• [Work to be completed] Exactly as written, output the lines below starting from the first and ending with the line that contains "Read here: https://t.co/snPpdUgU4U"; omit pictures.

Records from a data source
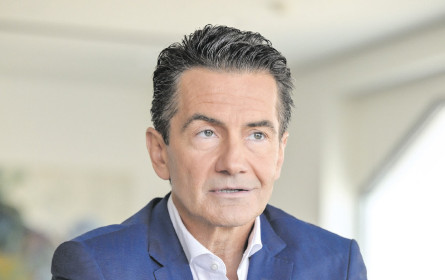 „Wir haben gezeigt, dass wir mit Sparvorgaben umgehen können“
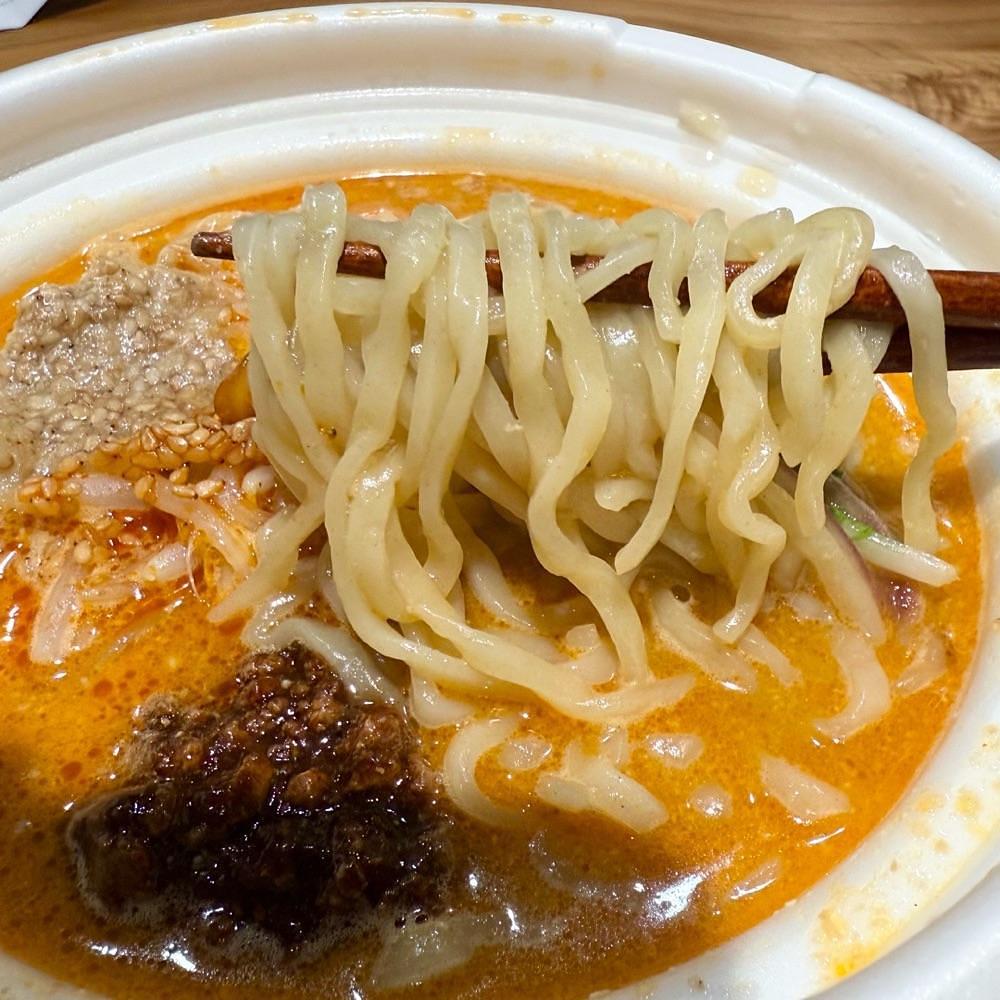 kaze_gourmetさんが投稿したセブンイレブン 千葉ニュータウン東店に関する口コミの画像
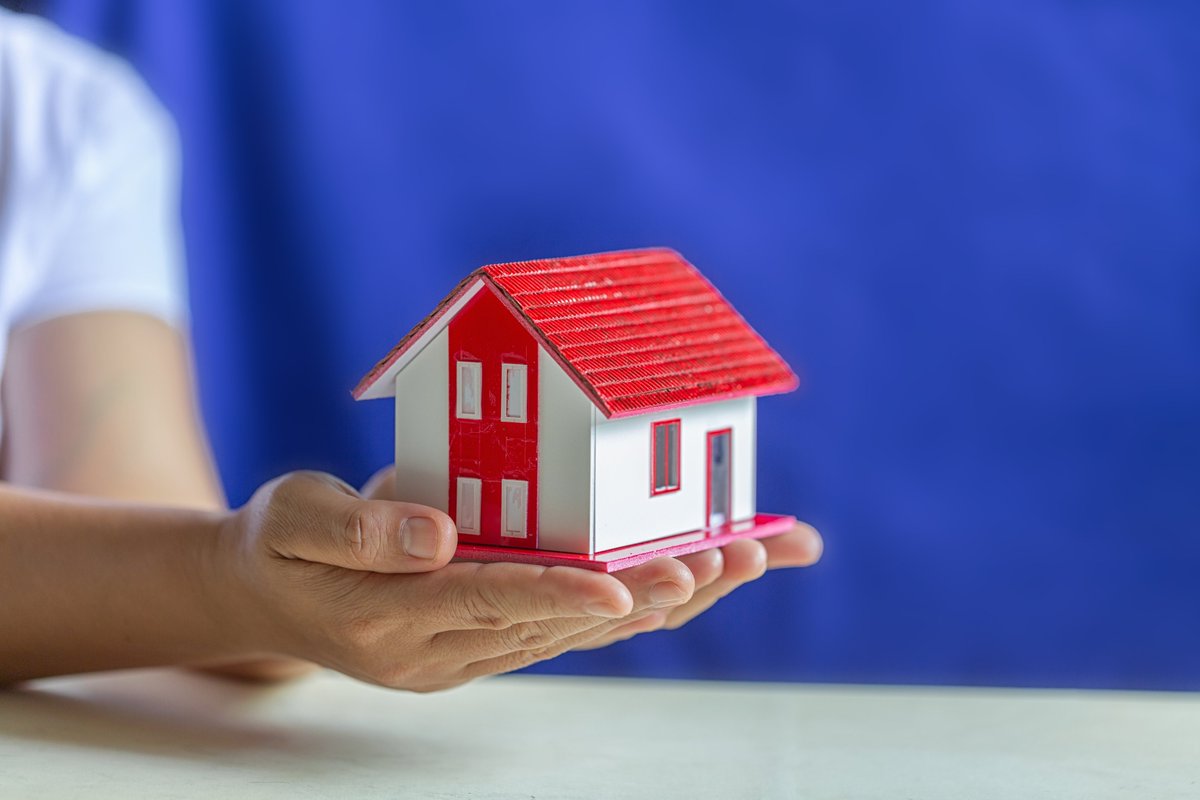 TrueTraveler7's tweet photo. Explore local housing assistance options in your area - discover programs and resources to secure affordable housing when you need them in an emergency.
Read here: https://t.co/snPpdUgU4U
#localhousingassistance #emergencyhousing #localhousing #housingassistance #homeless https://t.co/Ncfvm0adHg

• [Solution to this exercise]
 „Wir haben gezeigt, dass wir mit Sparvorgaben umgehen können“
 kaze_gourmetさんが投稿したセブンイレブン 千葉ニュータウン東店に関する口コミの画像
 TrueTraveler7's tweet photo. Explore local housing assistance options in your area - discover programs and resources to secure affordable housing when you need them in an emergency.
Read here: https://t.co/snPpdUgU4U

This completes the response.